Another occasion for a function is the plotting code: if we’re going to plot multiple paths, we might as well tidy up the code. This function takes a path, its type (motorway, secondary, cycleway, etc.), the current plot identifier, and a bounding box. It then extracts the latitude and longitude arrays from the path, and adds them to the current plot (with different colour and linewidth according to path type). It only plots paths that enter within the bounding box (inbb()) and uses xlim and ylim in the plots to cut off paths as they exit the bounding box.

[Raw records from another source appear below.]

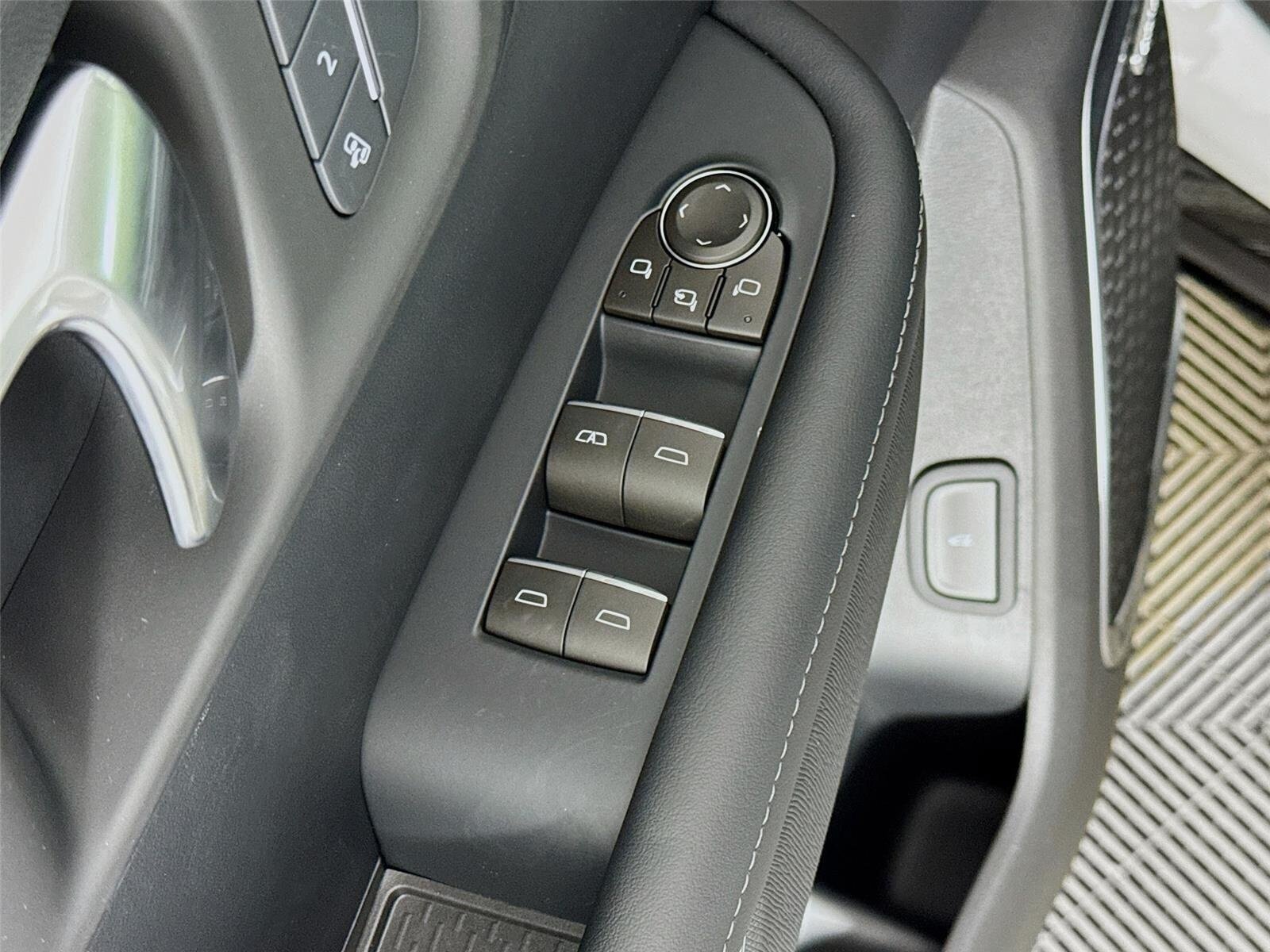 New 2026 Buick Enclave Sport Touring w/ Power Package FWD image 20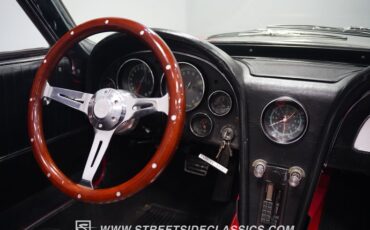 Unknown-Corvette-1965-Rally-Red-Black-12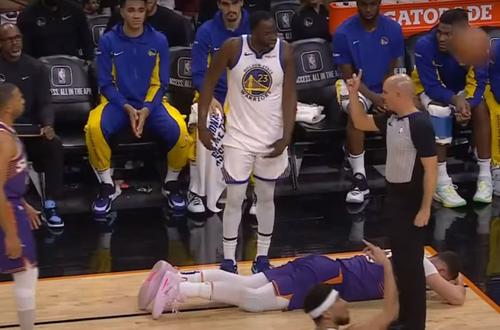 Draymond Green (33 de ani), baschetbalistul lui Golden State Warriors, l-a lovit cu pumnul pe Jusuf Nurkic (29 de ani), centrul lui Phoenix Suns.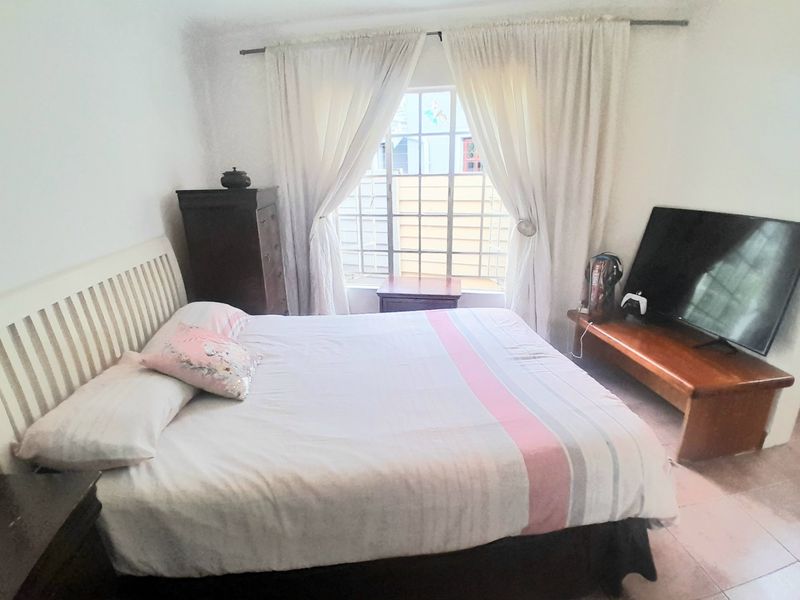 3 bedrooms 2 bathrooms house  for sale in Noordwyk - Photo 7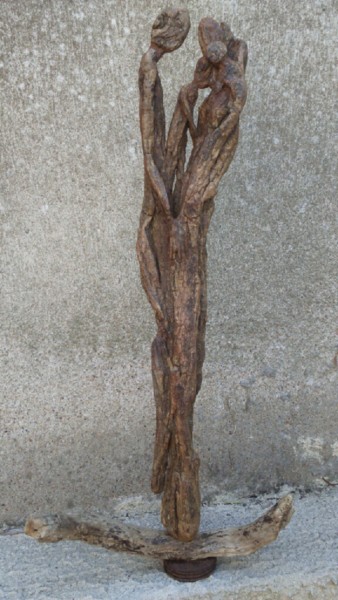 Sculpture titled "les réfugiés" by Dominique Ruisseau, Original Artwork, Wood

function plotpoly(element, fclass, p, minlat, maxlat, minlon, maxlon)
    trace = GeoInterface.coordinates(element)[1] # Is there always only one? In this data, yes.
    lon = [x[1] for x in trace]
    lat = [x[2] for x in trace]
    if inbb(trace, minlat, maxlat, minlon, maxlon)
        if (fclass == "service") | (fclass == "unclassified")
            plot!(p, lon, lat, color="black", alpha=0.5, label=false, linewidth=0.5, xlim=(minlon, maxlon), ylim=(minlat, maxlat))
        elseif fclass == "cycleway"
            plot!(p, lon, lat, color="blue", alpha=0.5, label=false, linewidth=1, xlim=(minlon, maxlon), ylim=(minlat, maxlat))
        else
            plot!(p, lon, lat, color="darkred", alpha=0.5, label=false, linewidth=1, xlim=(minlon, maxlon), ylim=(minlat, maxlat))
        end
    end
end

Main code

Then we come to the main code: first, create a new plot, p. Then iterate through all the table.geometry entries, applying plotpoly() to them. Finally, tidy up the plot: drop the axes and grid, and set the aspect ratio to approximately 1/cos(52°) to correct for that degrees of longitude represent much smaller distances than degrees of latitude, at this latitude.

p = plot(size=(1500,1000))

for i in 1:length(table.geometry)
    plotpoly(table.geometry[i], class[i], p, 52.64, 52.68, -8.65,-8.565) #50, 56, -11, -5.0)
end

plot!(p, aspect_ratio = 1.62, axis=false, grid=false, title="Limerick City (OpenStreetMap path data)")

Postscript

While the Shapefile.jl library is quite powerful (and general with respect to GIS), it is likely that it is more efficient to extract and plot OSM data with OSMMakie.jl.